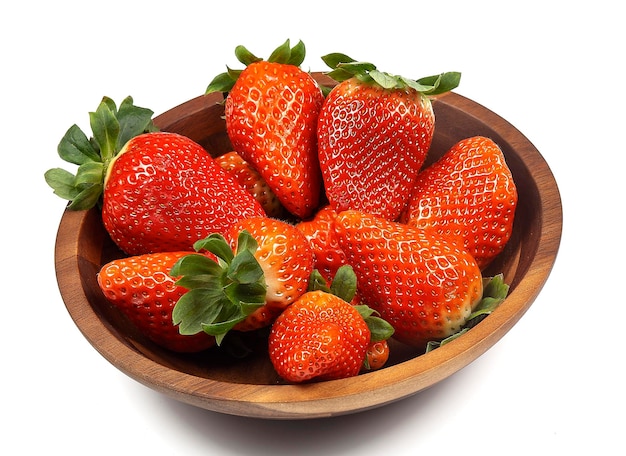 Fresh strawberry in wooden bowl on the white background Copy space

...

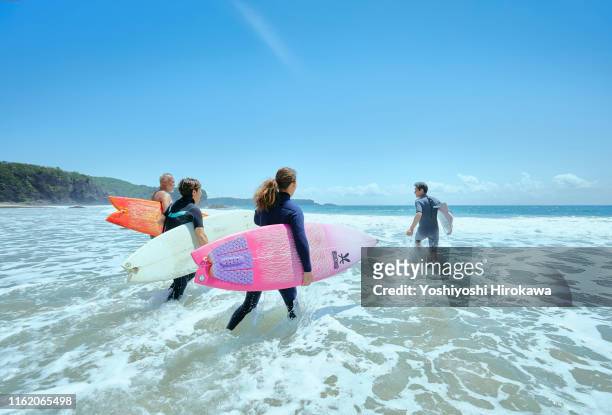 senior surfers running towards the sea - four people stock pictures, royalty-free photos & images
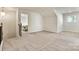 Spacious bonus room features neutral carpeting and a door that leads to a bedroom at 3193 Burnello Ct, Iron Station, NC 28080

▸ **WHAT IS EXPECTED**
Within the data above, repeat exactly the lines from the one bearing "senior surfers running" through the one bearing "Spacious bonus room". Include no pictures and nothing else.

▸ **WORKED SOLUTION**
 senior surfers running towards the sea - four people stock pictures, royalty-free photos & images
 Spacious bonus room features neutral carpeting and a door that leads to a bedroom at 3193 Burnello Ct, Iron Station, NC 28080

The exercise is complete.